▶ _BRIEF_
The full data must be written out exactly, with every line included.
┌─ SUPPLIED INFORMATION
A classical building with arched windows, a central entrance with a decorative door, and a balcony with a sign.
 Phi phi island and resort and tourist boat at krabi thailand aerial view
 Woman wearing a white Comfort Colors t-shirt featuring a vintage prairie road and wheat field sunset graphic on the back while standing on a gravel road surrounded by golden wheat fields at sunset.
└─
▶ _ANSWER FOR THIS EXERCISE_
A classical building with arched windows, a central entrance with a decorative door, and a balcony with a sign.
 Phi phi island and resort and tourist boat at krabi thailand aerial view
 Woman wearing a white Comfort Colors t-shirt featuring a vintage prairie road and wheat field sunset graphic on the back while standing on a gravel road surrounded by golden wheat fields at sunset.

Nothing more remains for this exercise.